Don't bet on it, since I built the reievers used for radio
telescopes.

For which observatory and wavelengths? Front end or IF stage?

Most of them have in significant house capability for design of the main
amplifier and correlator electronics. They tend to use mass produced
dishes and then add custom interchangeable front ends.

We did aperture synthesis in permitted bands from 151MHz up to 31GHz.
There were tube based power oscilators in the '40s that would drive a
syncronous motor, and could be crystal controlled, so it's taken you 70
years to get it right?

I already told you synchronous motors got phased out around the 60's and
70's in favour of steppers. But computer controlled servos and before
that in some sites paper tape controlled tracking was used.

Regards,
Martin Brown
 
M

Martin Brown

We built complete, custom microwave receivers for several, but they
didn't tell us the customer's names. They used a LNA at the feedhorn
and fed the output to our equipment. We were rarely told who the
customer was, unless it was a turnkey package or a rush order when they
would tag something to give it the highest priority.

So the first IF gain stage receiver at the dish after the cryogenic LNA?

What a strange place you worked.

The only production slots in our factory that did not have a customer
name on them were the ones being built on spec to avoid line stalls.

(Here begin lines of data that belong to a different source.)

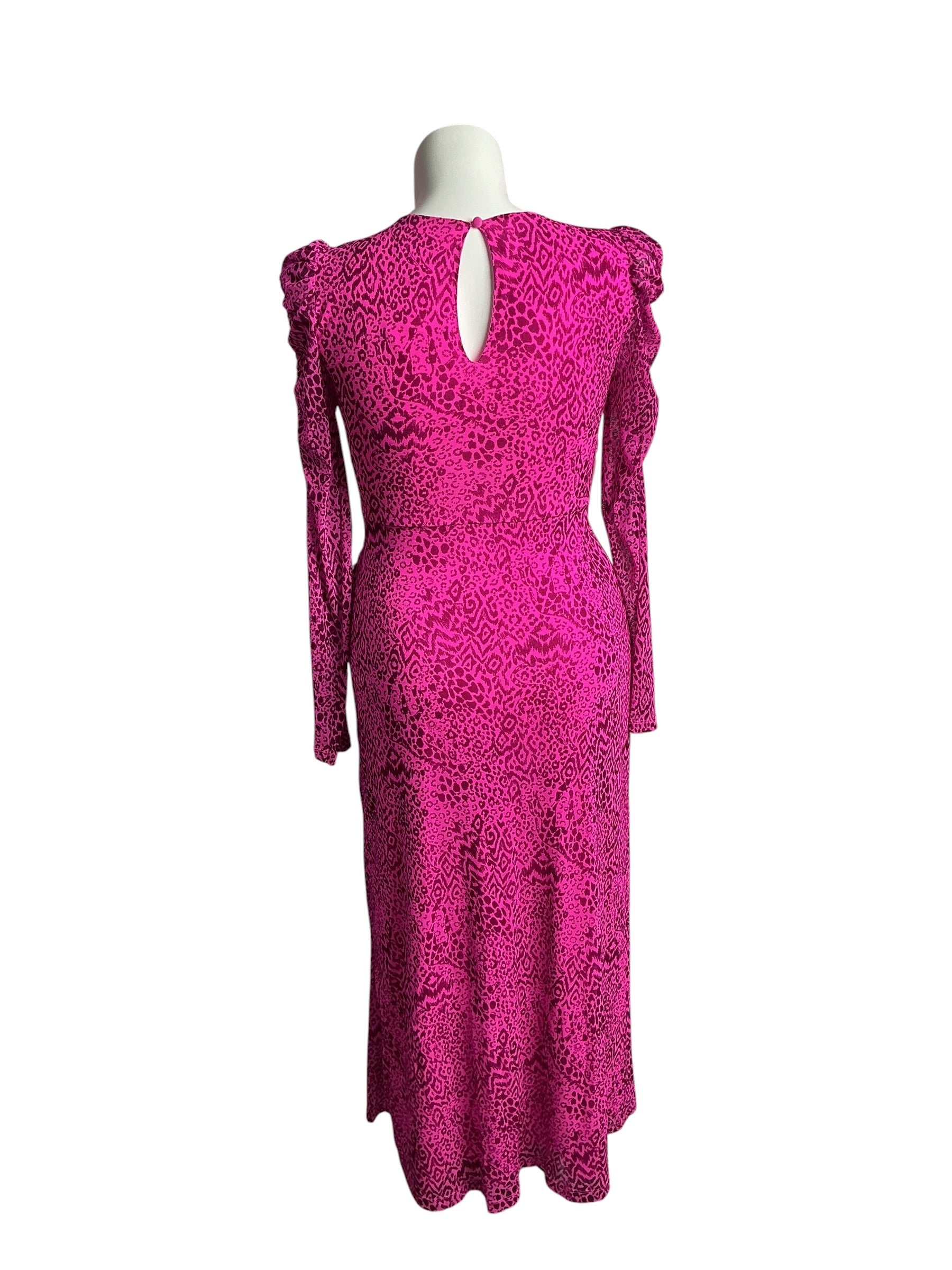 Lilly Pulitzer- NWT Preslie Long Sleeve Mesh Midi Dress Cerise Pink Pattern Play Size M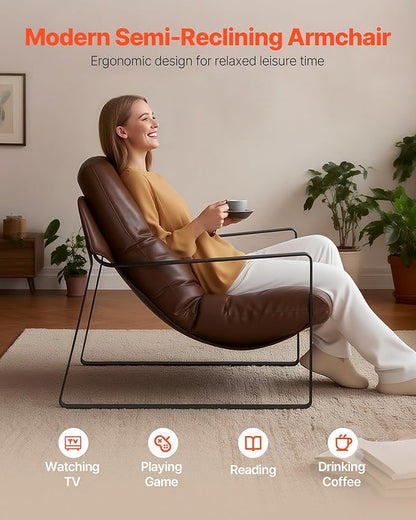 VEVOR Accent Chair, Modern PU Leather Armchair, Cozy Upholstered Chair, with Soft Foam Cushioning, Sturdy Metal Frame, and Detachable Cushion, for Living Room, Bedroom, Reading Room, Office, Brown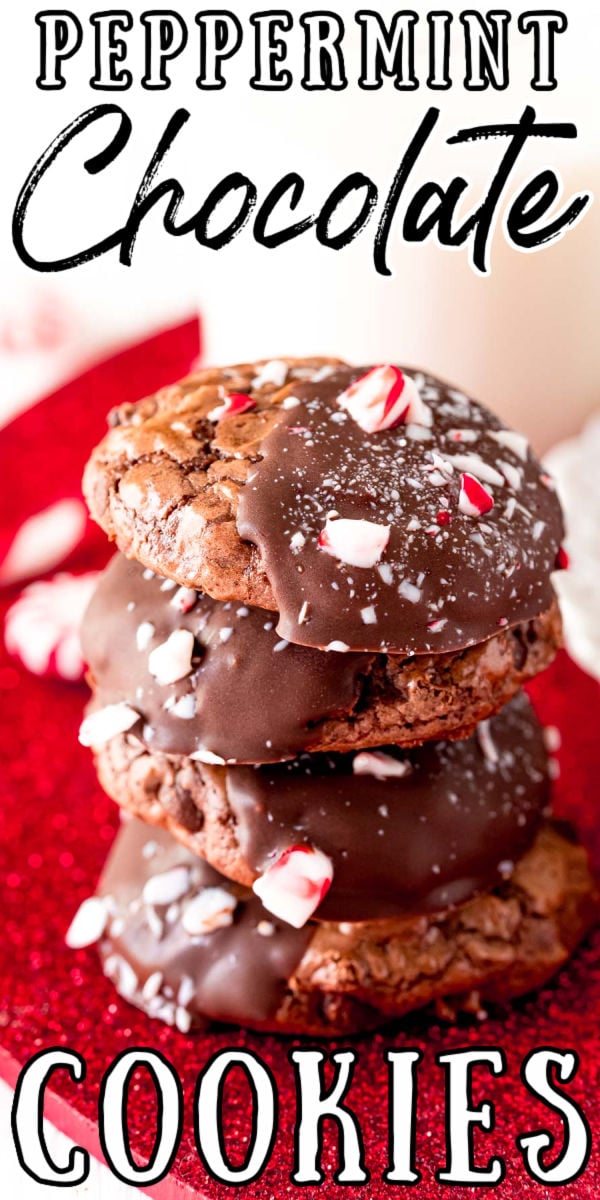 Peppermint Brownie Cookies start with a doctored brownie mix that makes them perfectly fudgy, chewy, and chocolatey! This easy cookie recipe requires zero chilling and after baking you dip them in melted Andes mints and top with crushed candy canes! via @sugarandsoulco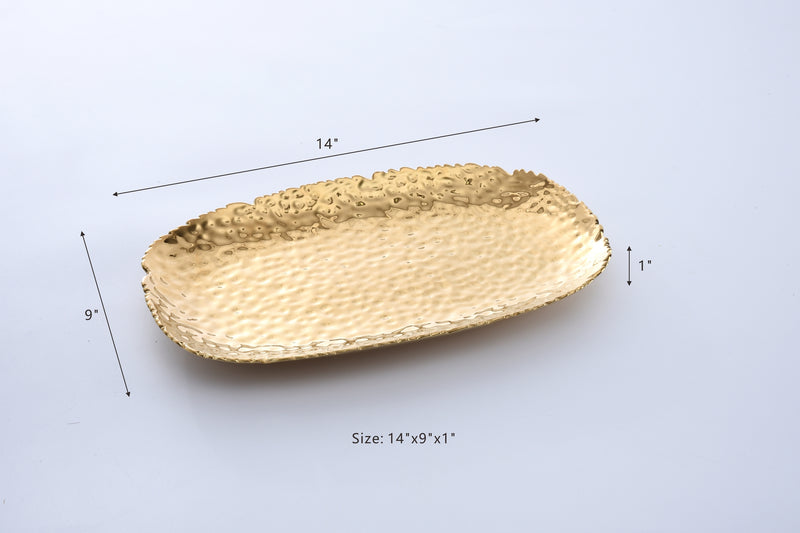 Ceramic Hammered Medium Serving Platter Gold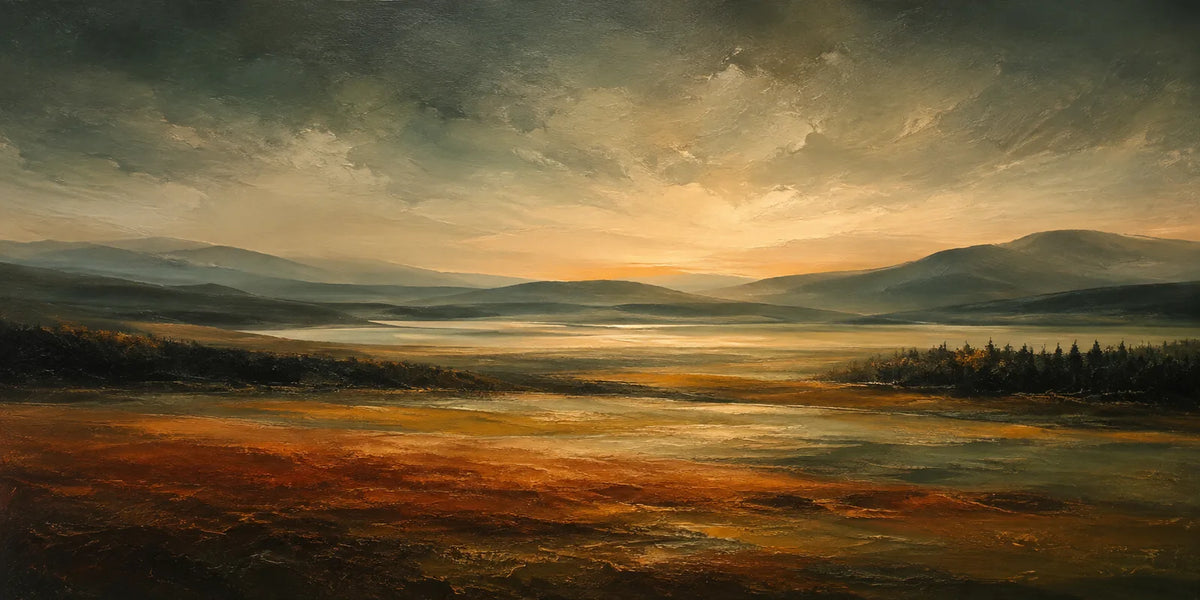 Amber Estuary Landscape Wall Art artwork view | Olyrel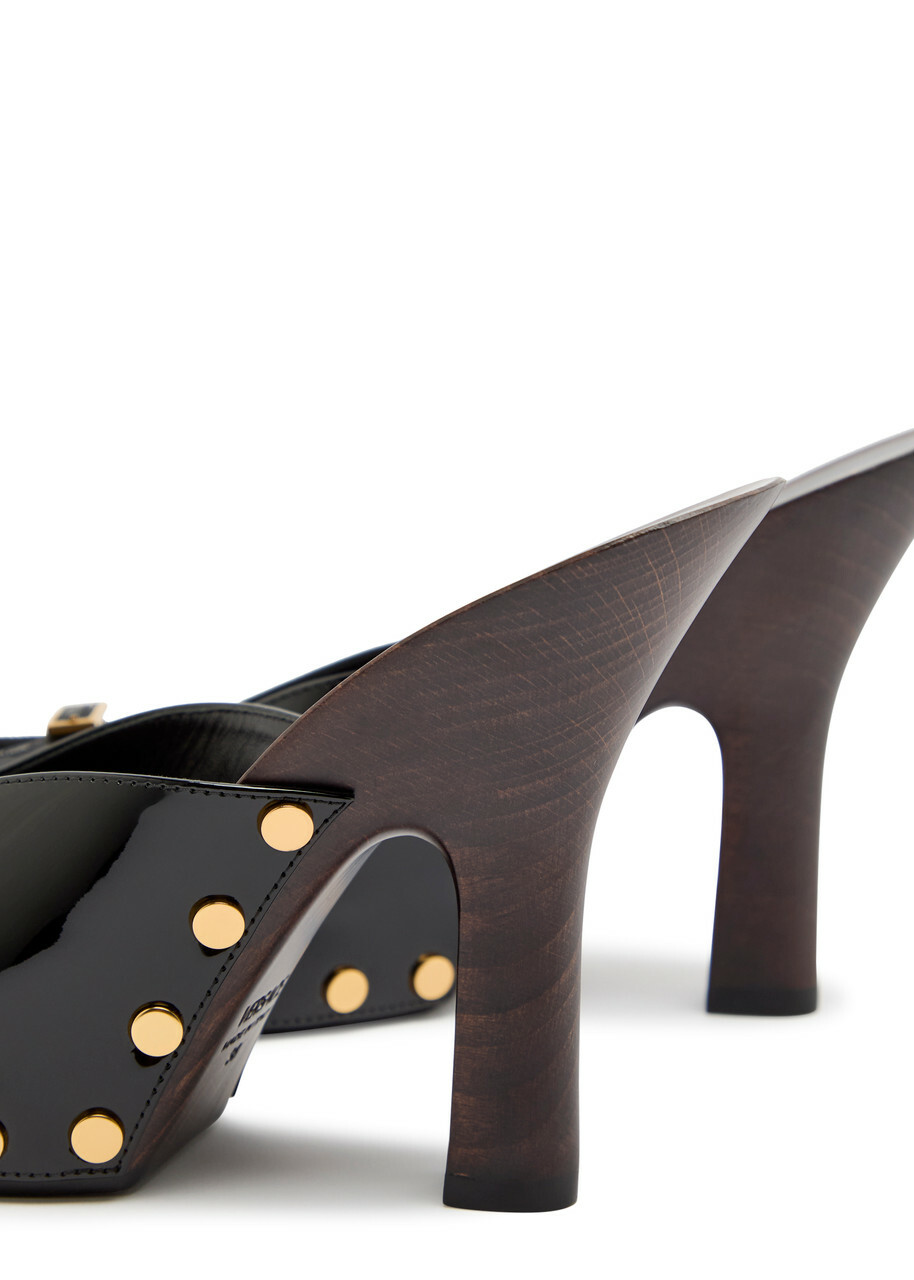 Versace 105 Stud-embellished Wooden and Patent Leather Mules Black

I can't see NRAO subcontracting out microwave receivers without going to
the suppliers to acceptance test them (and I certainly can't imagine
them paying extra for quick delivery - less for slow delivery maybe).
The VLA would want sets of 30 which would be a bit of a give-away.
What I described was for those motors, before a computer was
available.

For a price that was nothing like justifiable for the task. The old
synchronous clock motors were good enough. The mechanical gears caused
periodic errors that were way bigger than systematic mains drift.

But the fact remains mains drift was noticeable on a cold winters night.